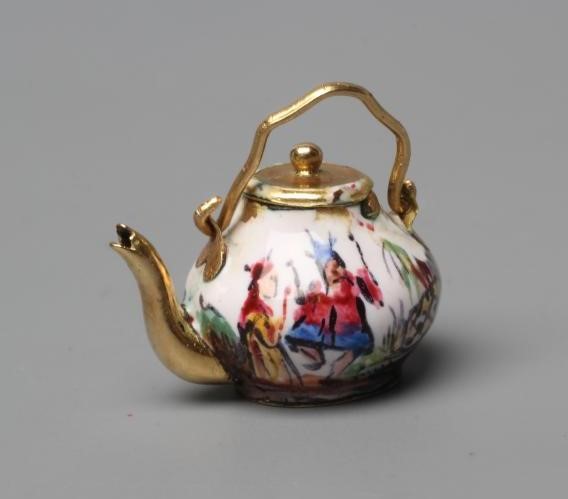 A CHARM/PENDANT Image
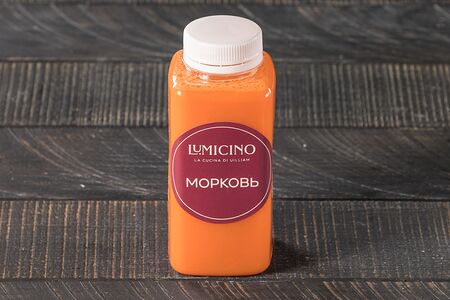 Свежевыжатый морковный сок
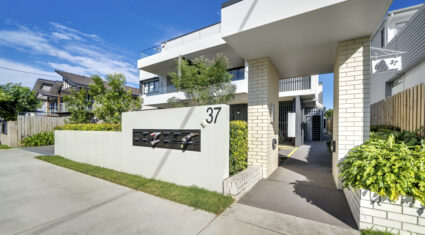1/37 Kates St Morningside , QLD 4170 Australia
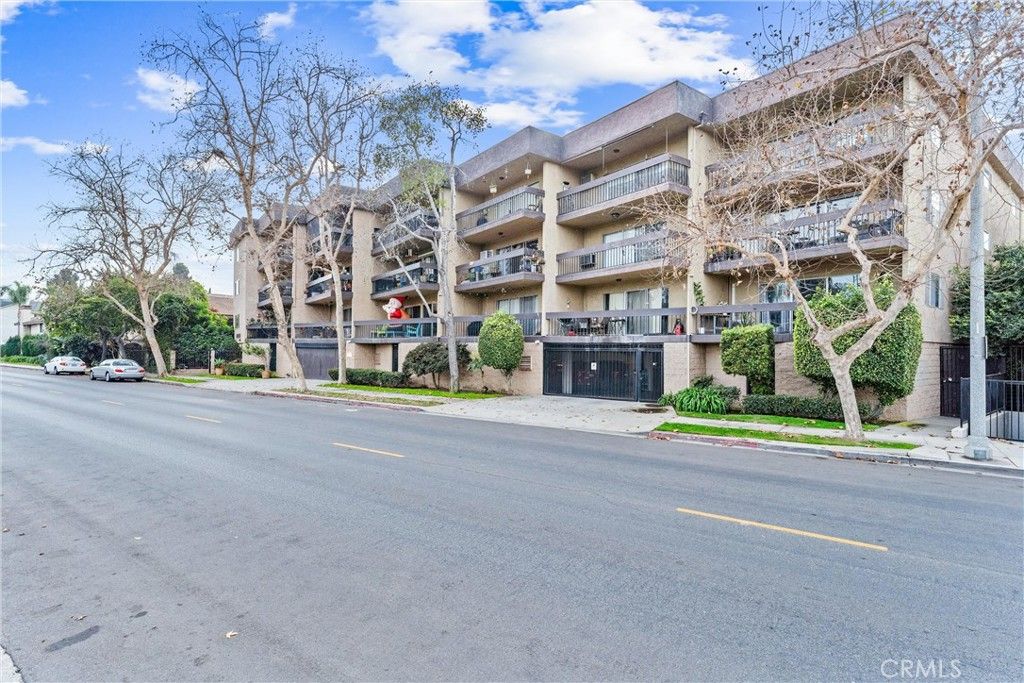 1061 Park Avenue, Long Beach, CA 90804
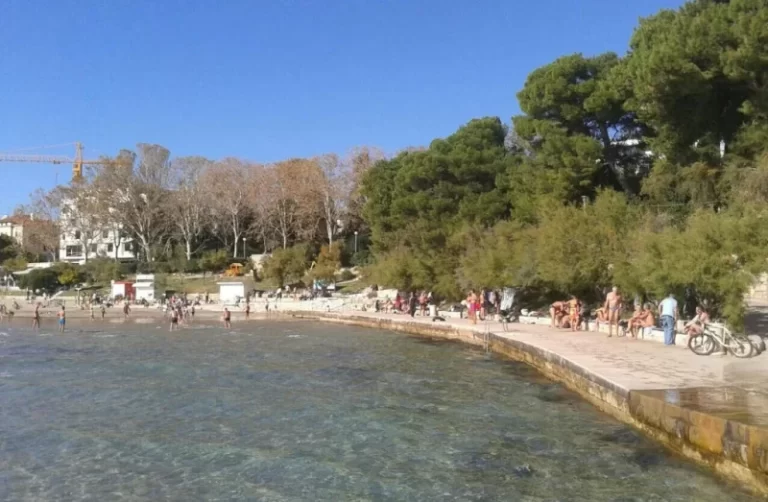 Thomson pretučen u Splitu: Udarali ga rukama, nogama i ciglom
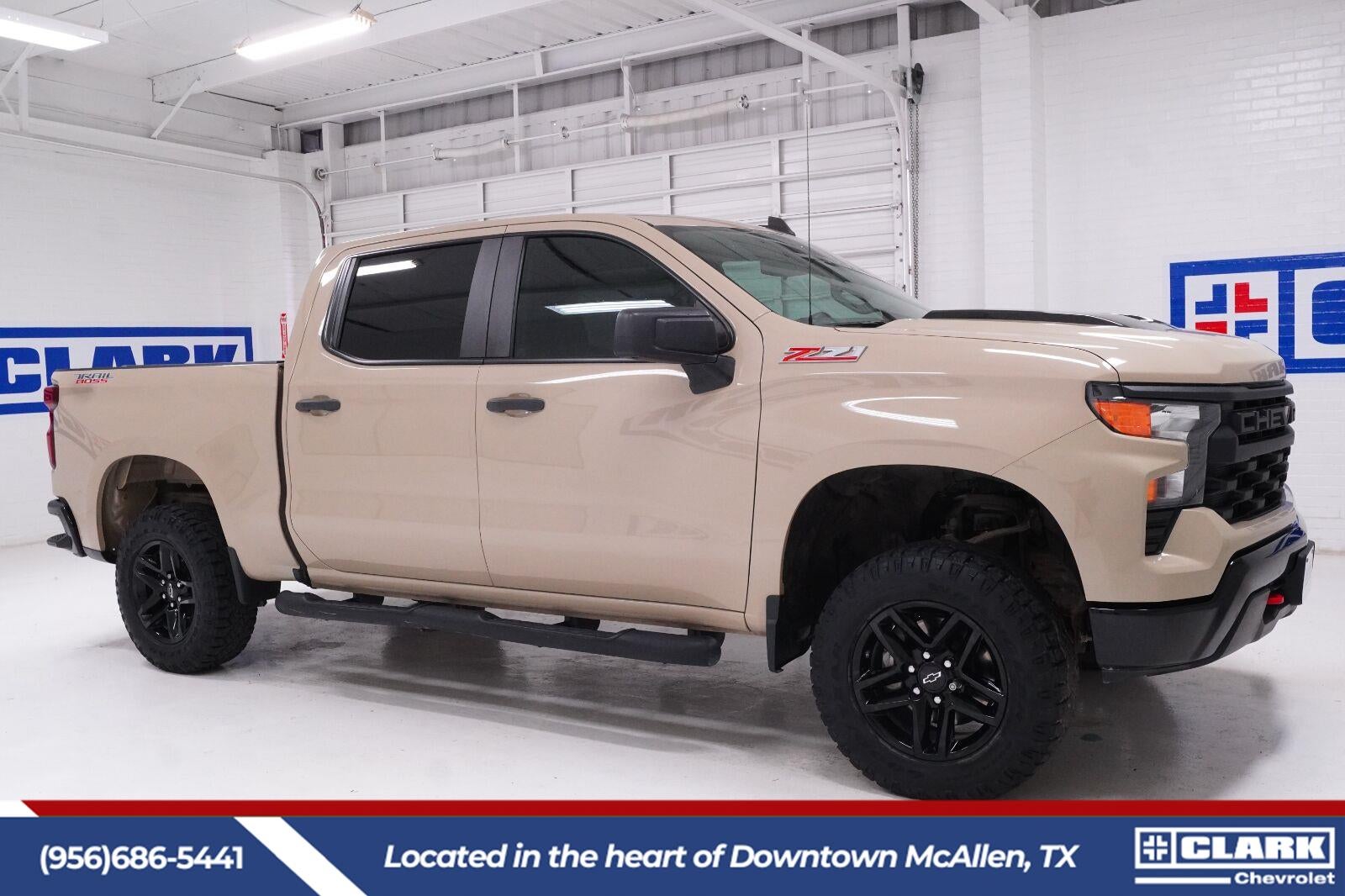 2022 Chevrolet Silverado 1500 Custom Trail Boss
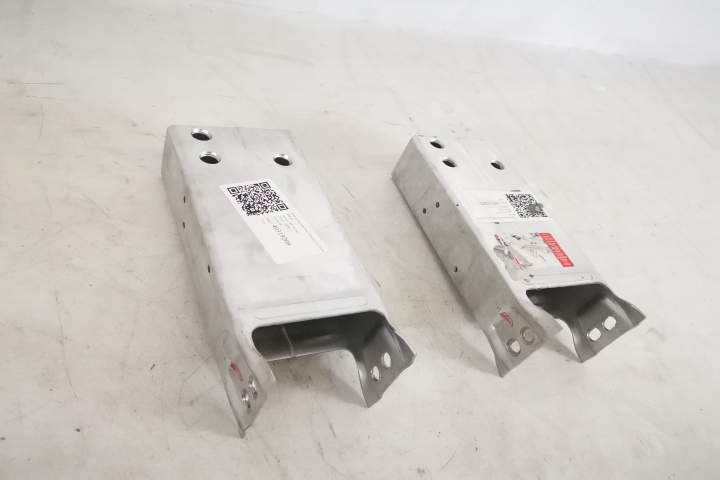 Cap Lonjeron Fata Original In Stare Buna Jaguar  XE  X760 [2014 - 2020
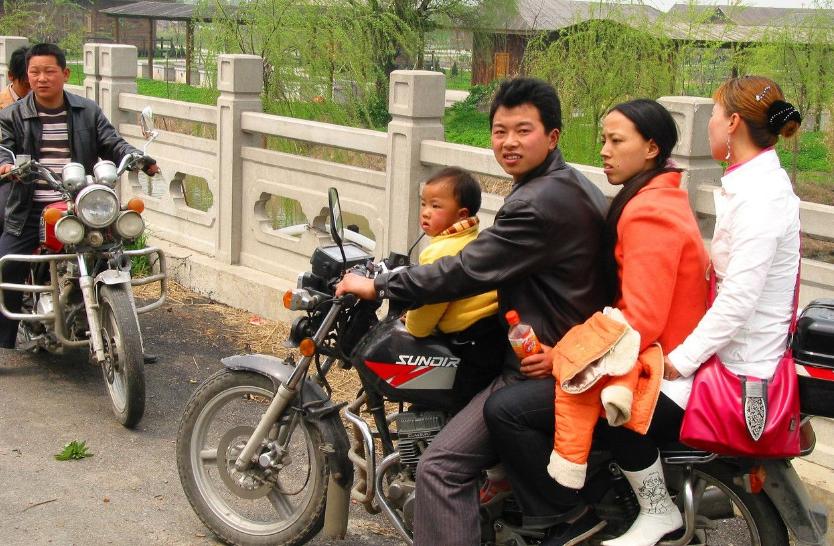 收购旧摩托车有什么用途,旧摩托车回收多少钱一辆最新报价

### HOW TO COMPLETE THIS TASK
Everything in the entries above should be returned exactly, apart from the pictures.

### ANSWER
 A CHARM/PENDANT Image
 Свежевыжатый морковный сок
1/37 Kates St Morningside , QLD 4170 Australia
 1061 Park Avenue, Long Beach, CA 90804
 Thomson pretučen u Splitu: Udarali ga rukama, nogama i ciglom
 2022 Chevrolet Silverado 1500 Custom Trail Boss
 Cap Lonjeron Fata Original In Stare Buna Jaguar  XE  X760 [2014 - 2020
 收购旧摩托车有什么用途,旧摩托车回收多少钱一辆最新报价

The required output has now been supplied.